I’ve bumped into this problem again, and now I’ve set my mind on cracking this nut. I know that I will not come up with a “one solution fits all” result, I’m not even trying to. So what will I do?
Right now I’m working on testing frameworks for a maven/sbt based ecosystem with multiple project streams, each with several layers of modules. My primary goal is to solve our problems. My secondary goal is world domination peace. The solution has not yet shown itself, so don’t expect to get anything - apart from a braindump - out of this for a while. The problem lies deep in the complex space, meaning that I have no idea that what I try will work out or not. I need experiments, measurements and feedback. I need information to reduce my ignorance of the solution space.

What I know now is that technically it is possible. It might not be easy and I might face some really interesting design challenges, but this part of the problem is simply complicated. I can choose from many design patterns, configuration file formats, libraries, tools, examples, etc. In the end, it's just code. Code can take shuttles to Mars and operate rovers on the surface. Code is just a mean to an end.

My ignorance is about user experience. How would we want to use it?

Working with many developers over the years, I have learned to accept that we are amazingly lazy. If a new tool is not ridiculously comfortable to use, we will probably not prefer it over our old (bad) habits. We’ll might give the new toy a spin, but will inevitably revert to the old one once the joy of experimenting fades away. I believe that the best way to offer a programmer an alternative is to offer a simpler solution. Recognising this, we can support our fellow programmers with products they enjoy using and are happy to switch to.

If you know a way to measure joy automatically without sticking electrodes on every user, please speak up! Even if it appears hard, I will use joy - more precisely geek joy - as a measurement of success. My hypothesis is that by solving the common problems we face with configuration interfaces and providing a dead simple way to do so through, I’ll save my peers from many hours of frustration, therefore making them happy.

How will I achieve this? I don't know yet. When? Hopefully soon. I don't see point in creating yet another complicated configuration interface, there are many decent ones out there already.

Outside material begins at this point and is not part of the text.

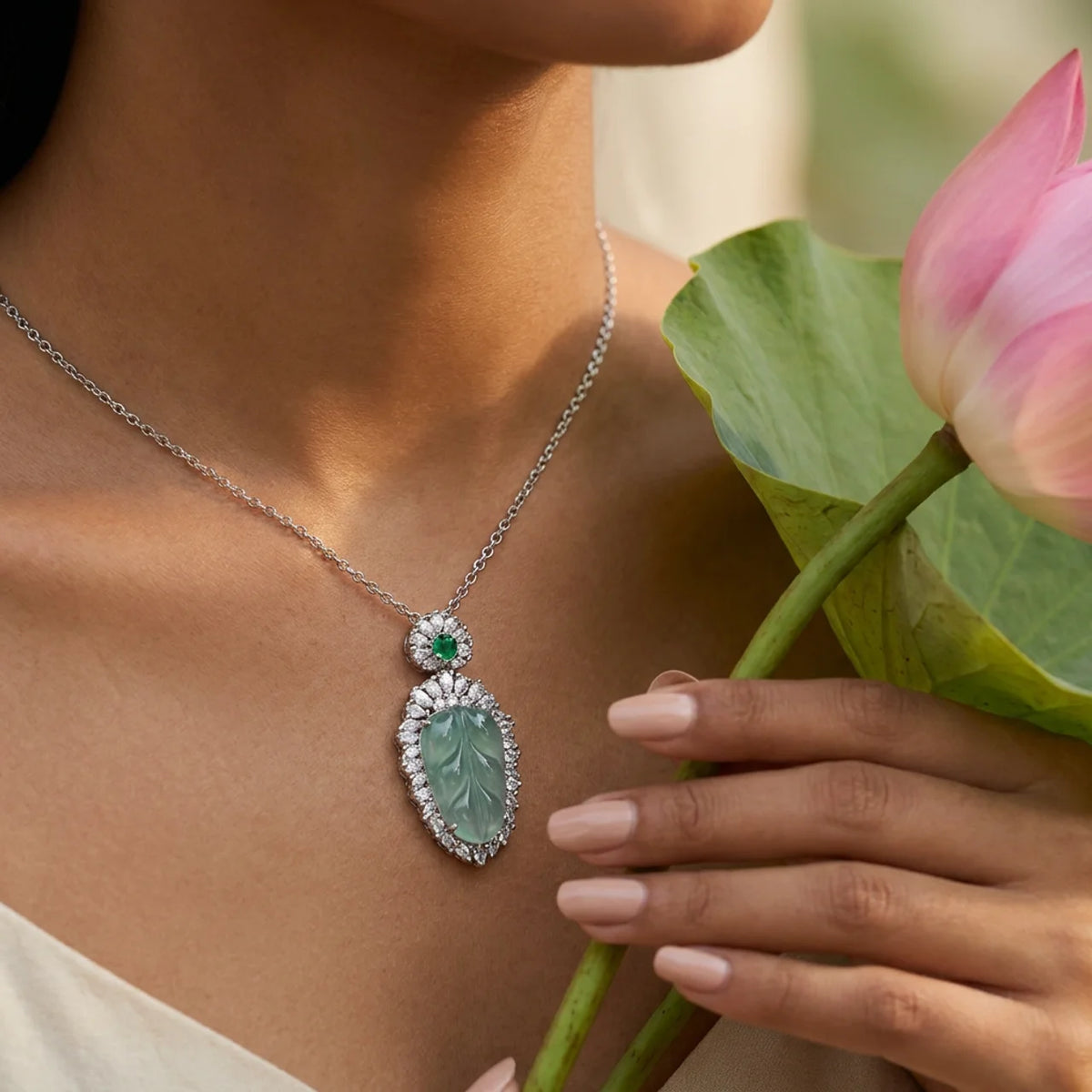 Natural Jade Leaf Pendant Necklace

Right now I have a vague set of guesses about what I want to create, which will act as hypothesises I need to prove during the process. What I can tell you now is that currently I think that a good configuration interface

  • should be dead simple to use
  • should support extension
  • should support scopes
  • should support namespaces
  • should support optional configuration files for developer local configs
  • should allow stating that a new configuration file should override the keys or not
  • should not need an object representation in the code
  • should be dead simple to use

That's all folks. That's where I'm at now. If you think I can save myself a whole lot of trouble and use a brilliant tool that I don't know of, please tell me now! Otherwise I'll save the world and blog about it.